Information supplied: Begin
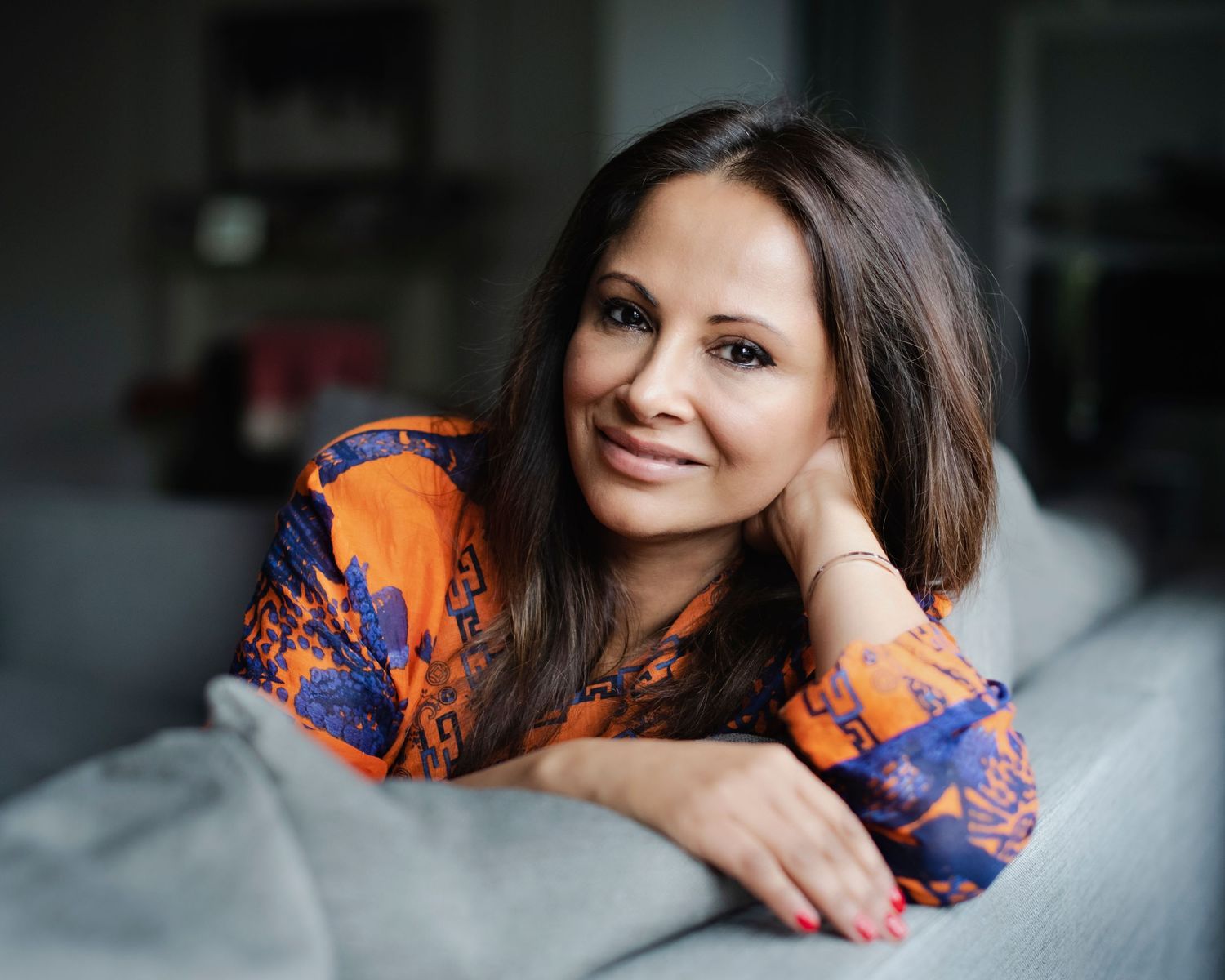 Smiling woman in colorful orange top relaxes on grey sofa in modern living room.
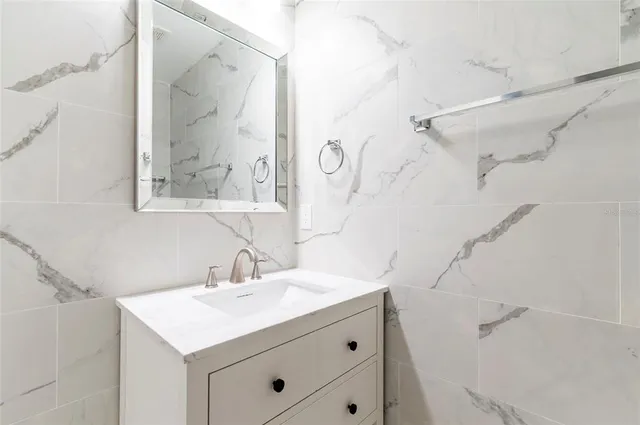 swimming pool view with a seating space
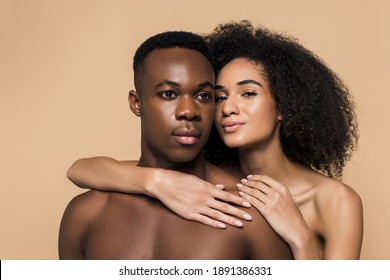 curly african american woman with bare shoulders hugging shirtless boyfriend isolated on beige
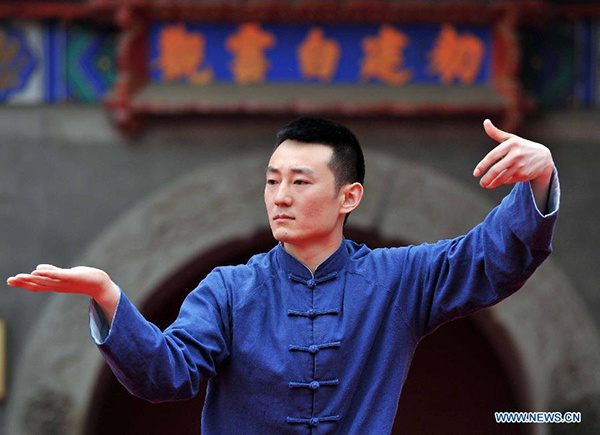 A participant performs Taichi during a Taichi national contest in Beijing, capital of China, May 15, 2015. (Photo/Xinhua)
Information supplied: End
» Directions: Reproduce the whole listing exactly, but not the images in it.

» Answer to this exercise:
 Smiling woman in colorful orange top relaxes on grey sofa in modern living room.
 swimming pool view with a seating space
 curly african american woman with bare shoulders hugging shirtless boyfriend isolated on beige
 A participant performs Taichi during a Taichi national contest in Beijing, capital of China, May 15, 2015. (Photo/Xinhua)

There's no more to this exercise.